Protein: An important part of the urinalysis evaluation is checking urine protein levels. This can be done in a number of ways. Specific tests are available but these more advanced methodologies can only be performed in specialist diagnostic laboratories. In the practice, the veterinary surgeon will only be able to determine if the urinary protein volume is normal or not. Still this can be a valuable bit of knowledge, as increases in urinary protein can be seen in disorders of the kidney, inflammatory diseases, and some endocrine diseases. Therefore, this is a low cost way of evaluating if there is a problem and whether it warrants more specific testing.

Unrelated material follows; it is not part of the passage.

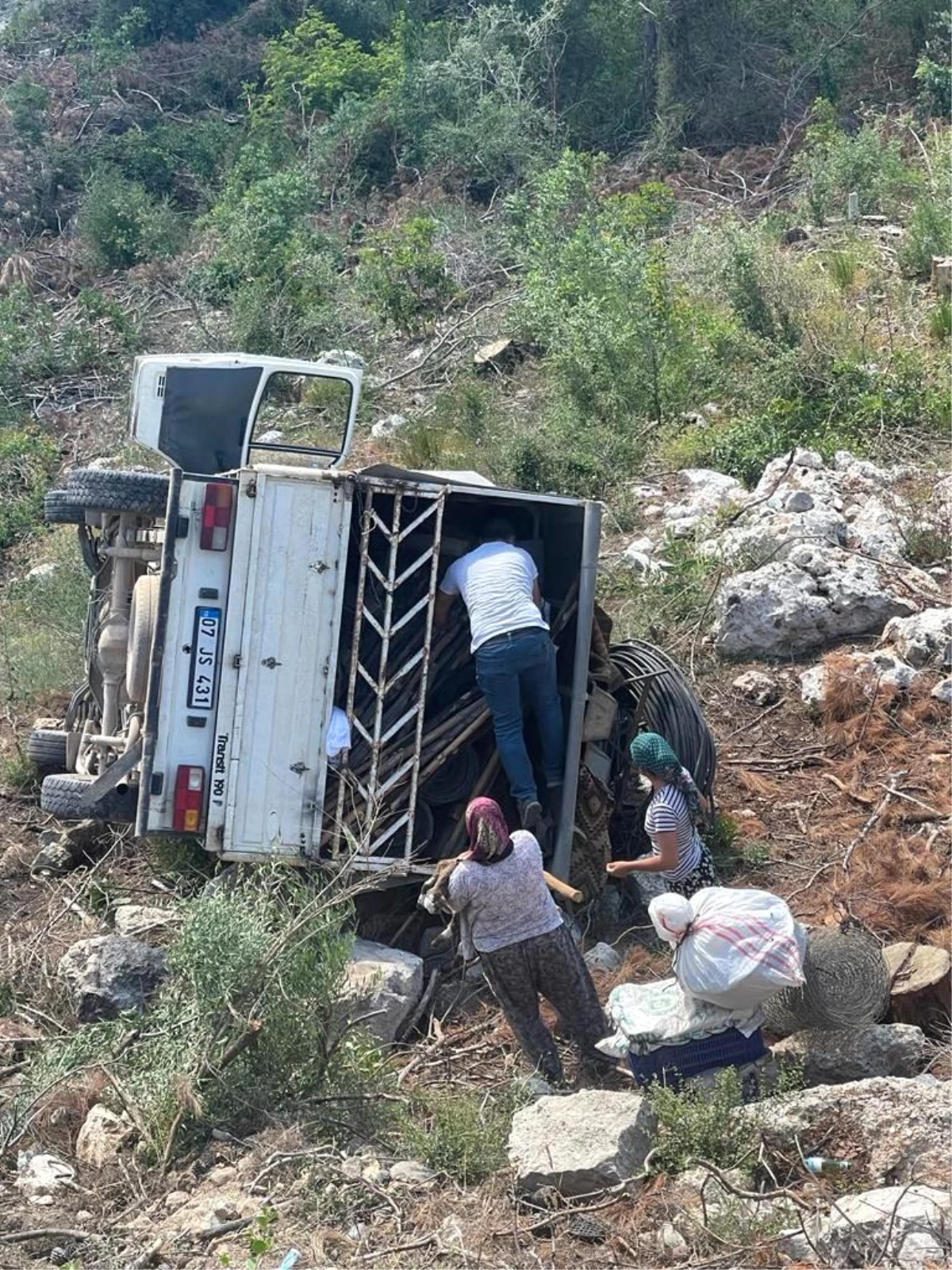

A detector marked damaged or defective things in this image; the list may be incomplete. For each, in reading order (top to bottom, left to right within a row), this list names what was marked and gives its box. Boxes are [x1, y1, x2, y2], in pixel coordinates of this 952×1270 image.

overturned white truck [37, 352, 606, 879]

Leucocytes (White blood cells): Presence of white blood cells in the urine can support any concerns over infection or inflammation of the urinary tract. While white blood cells do monitor the whole body on a low level, positive in urinalysis for the cells often highlights and supports a clinical disease. Therefore, their presence shouldn’t be ignored. Glucose/Ketones: Probably the most recognized abnormal change to monitor in urine examination is glucose and its counterpart ketones. Neither is found regularly in urine, and there presence demonstrates an abnormality when they occur. High levels of glucose in the urine often suggests that a patient may have diabetes or an aberration in their kidney’s ability to reuptake glucose. Therefore, this is a common focus of routine urinary examinations and when found requires confirmation. The routine tests typically include a few other features, namely bilirubin/ urobilinogen and nitrites.

Also, a veterinary surgeon may examine the sample under the microscope to rule out the presence of crystals (which can lead to bladder stones) or other abnormalities. But these tests might vary depending on the case at hand. Furthermore, depending on your pet’s clinical signs, your veterinarian may have to send the urine sample away for bacterial culture or other tests. While obtaining a urine sample is not a fun enterprise for the average pet owner, it does provide a useful non-invasive way of making sure a pet is healthy. And from this sample, a number of clues to the pet’s condition can be found. So, when your vet hands you that tube and asks for a urine sample, persevere and bring as much as you can.